Edinburgh Fringe 2010
Anyone climbing to the top of the political greasy pole must exhibit passion, conviction and charisma. Ross Gurney-Randall’s powerful portrayal gives us an insight into the complex personality of Italy’s most notorious dictator.
“Trying to govern the Italian people isn’t difficult, it’s merely pointless” is just one of a number of Mussolini’s classic one-liners in this biographical portrayal of the Italian dictator from Ross Gurney-Randall. Mixing facts with some pithy and dark humour, Gurney-Randall injects passion, conviction and no little energy to his performance, his piercing eyes, bull neck and alternately threatening and vulnerable demeanour going a long way to conveying the complex personality behind arguably Italy’s most notorious leader.
Pivoting around the period when Mussolini was fleeing from both the closing Allied net and the threat of Italian partisans – with only the latter likely to kill him – Gurney-Randall takes us back to Mussolini’s roots as a school teacher and one time journalist. A self-educated man with interests as diverse as Plato, Dante, Machiavelli and Nietzsche, his rise to power was evolutionary rather than the more direct route taken by his psychotic protégé, one Adolf Hitler. But rise to power he did, ultimately acquiring all the characteristics of a dictator – arrogance, hubris and narcissism included.
Yet a lot of the principles that Mussolini espoused were in many ways ahead of their time – universal suffrage and proportional representation being just two. However, espousing principles is one thing, acting on them is another. Like a lot of dictators, Mussolini talked a good game but his desire to cling to power persuaded him to continually forsake principles for the pragmatism that preserved his status as Italian supremo.
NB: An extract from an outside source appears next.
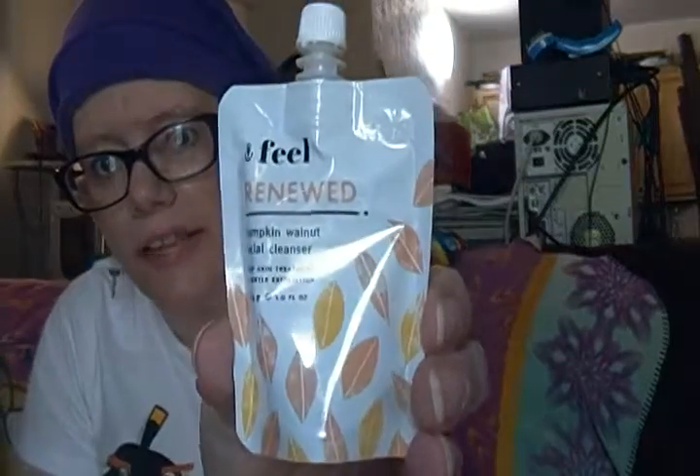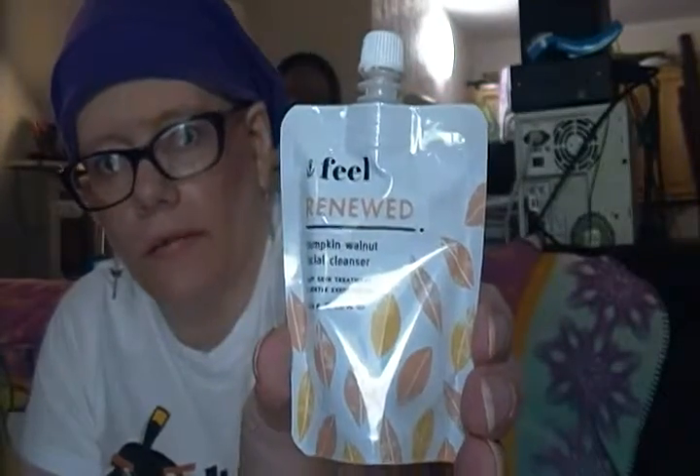The one thing I did use is called Feel Renewed Pumpkin Walnut Facial Cleanser — deep skin treatment and gentle exfoliation. This stuff is wonderful. I got a sample of it and I love, love, love it. You pop this off and it smells like walnuts, literally — a hint of pumpkin walnut. You rub it on your face; it's a little bit of exfoliant, not too harsh, not too bad. The instructions say to wet skin and massage deeply for three to five minutes.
All of this comes across through Gurney-Randall’s storytelling as well as Mussolini’s growing vulnerability as his empire starts to unwind in the latter stages of the war against the Allies. Whilst tending towards the didactic at times, Gurney-Randall gets close enough to his subject to reveal elements of the human side behind an essentially villainous individual. It’s a finely judged performance – just as you might be thinking there was the possibility that Mussolini has been misunderstood, the door on potential redemption is slammed shut with further exposes of what remain horrific acts against his people, including the 15,000 Jews he sent to their deaths.
This was an effective piece of theatre with a suitcase of carefully chosen artefacts from Mussolini’s life augmented by clever lighting that made excellent use of a relatively tight stage. Gurney-Randall and co-author Dave Mounfield have produced a well-researched script which Paul Hodson has turned into a tightly choreographed performance. Well worth a visit.